The COVID-19 environment hasn't been particularly kind to bank stocks, with low interest rates and fears of defaulting inducing a strong sell-off. Other types of financial stocks, specifically those related to e-commerce, are doing much better.

Synchrony Financial (NYSE:SYF) is a combination of these two, a consumer bank mixed with a fintech platform that gives it a differentiated model. So while the stock price has suffered, the business is in a pretty safe place. Does that make this the right time to buy shares?

Colleagues working together.

Image source: Getty Images.

When customers don't buy and can't pay their bills

Synchrony offers a host of behind-the-scenes financial solutions for retailers and others that need to outsource these apps and programs. One of its best-known services is underwriting private-label credit cards for companies such as Amazon, The Gap, and PayPal.

In Synchrony's first quarter, which ended March 31, earnings per share plunged 71% year over year, from $1.57 in 2019 to $0.45 in 2020. Like other banks, the company set aside massive provisions for losses -- in this case, $1.68 billion, about double last year's provision.

In the beginning of the quarter, the company had double-digit volume growth, higher than the previous two quarters. That held through mid-March, when stay-at-home orders went into effect and volume plunged 26%. World sales dropped 27% at the same time, and those trends continued into April. The restaurant, entertainment, travel, and gas categories, which have all slowed in the post-restriction time frame, make up 27% of retail card consumer world sales. Those segment decreased in the post-restriction time frame, but essentials, such as grocery, discount, and pharmacy increased during that time.

To make itself more competitive in this market, Synchrony offers several digitally enhanced services, such as SyPI, a customizable plugin for a company app that lets customers perform all sorts of financial functions from their mobile phones; Alexa voice payments; and Setpay, which is a mini-loan that a customer can apply for to make a one-time purchase.

While spending activity has slowed down, banking activity has become more important as consumers try to keep their cash safe. Synchrony's banking division ended the quarter with $65 billion in deposits, up 1% year over year. The bank has 75.5 million active customer accounts and $19.2 billion in liquid assets.

Better than before

CFO Brian Wenzel spent a significant amount of time on the company's conference call discussing the company's readiness for this crisis as compared to the Great Recession.

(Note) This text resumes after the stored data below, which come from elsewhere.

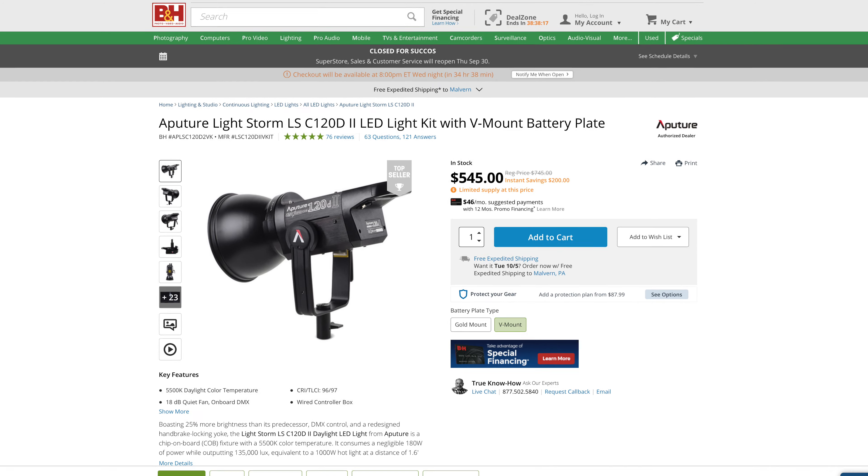But Aputure is not standing still. Beyond the introduction of the Ameron monolight line, new LightStorm products, the new Nova flat panel, the new accent lights and new modifiers, a better app, and more — B&H, Adorama, and Amazon are now offering the 120d2 for just $545 as I record this in the fall of 2021, by far the lowest price I've ever seen for it. Still, except for on-location battery-powered shooting, and now that they are shipping at their suggested retail prices instead of hundreds more as they were months ago, I suspect many of us will find the bi-color Amerons more attractive than the Ninja 400, 200, or Aputure's own 120d2.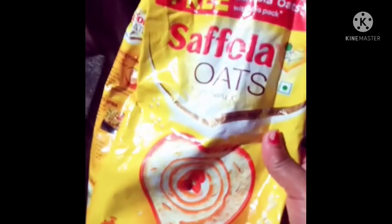Hi friends, welcome to Ammu's Kitchen Travel, everyone. Today, I'm going to go to Safala Otsu, a dog.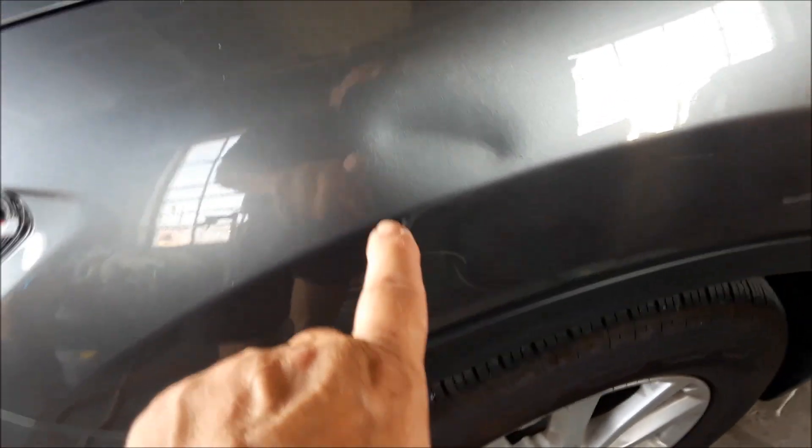Master here. Today I'm going to show you how to repair a dent. I picked a small dent on this car and I'm going to show you how to repair it.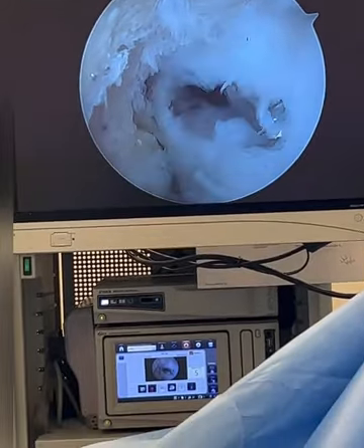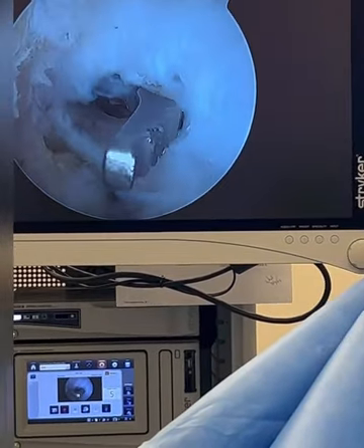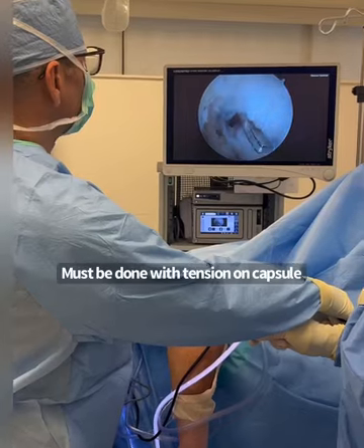Once I added a little bit more tension on the capsule I was able to do it better. I have the obturator retractor in there — this is going to help the patient to be able to extend.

At that time, Synchrony was still a division of General Electric, from which it was spun off in 2014. 

Since then, Synchrony has created a more disciplined, rigorous process for underwriting and assessing credit, which has resulted in a clearly improved system. It now uses sophisticated data algorithms that include an assessment of 4,000 attributes for creditworthiness. Today, 73% of the company's portfolio has a FICO credit rating of more than 660, as opposed to 61% in 2008. Only 9% has a rating of 600 or below, as compared with 19% in 2008. This is more apparent in new accounts, of which 80% are above 660 and only 1% are below 600.

The portfolio is well-diversified by industry, and the company has expanded many of its other products so it's not only tied up in credit cards. So while a crisis of this magnitude will undoubtedly affect customers' ability to pay their credit-card debt, Synchrony has spent the past 10 years sharpening its systems so it's better protected for a time like now.

An innovative bank

Synchrony's share price has fallen by roughly half this year (as of Wednesday's close), a good deal more than the big banks, and is below its initial public offering price of $23 almost six years ago. It might look like a risky business right now, and investors may be worried. Consider that Synchrony's charge-off rate, which is how much it expects to lose in defaults, was 6% during the first quarter, double the industry average of 3%.That means that it may be dealing with a higher level of defaults than other credit card underwriters, especially if the economy stays closed for a lengthy period of time. 

But while private-label credit cards have more risk than large, established card companies, they also hold lower balances, which evens out for Synchrony. It also has a growing consumer banking division and in general a lot more business up its pipeline.

What's more, the company has many other strengths and is keeping its dividend throughout the pandemic. As disappointing as the first-quarter results looked, they were relatively clean considering the financial atmosphere, and the company is better-equipped for this pandemic than it was for the financial crisis.

The share price will probably continue to be volatile in the short term, reflecting the state of the economy, so it's not a must-buy today, but the price should improve when the economy does, so you don't want to wait to get in while the price is still suppressed.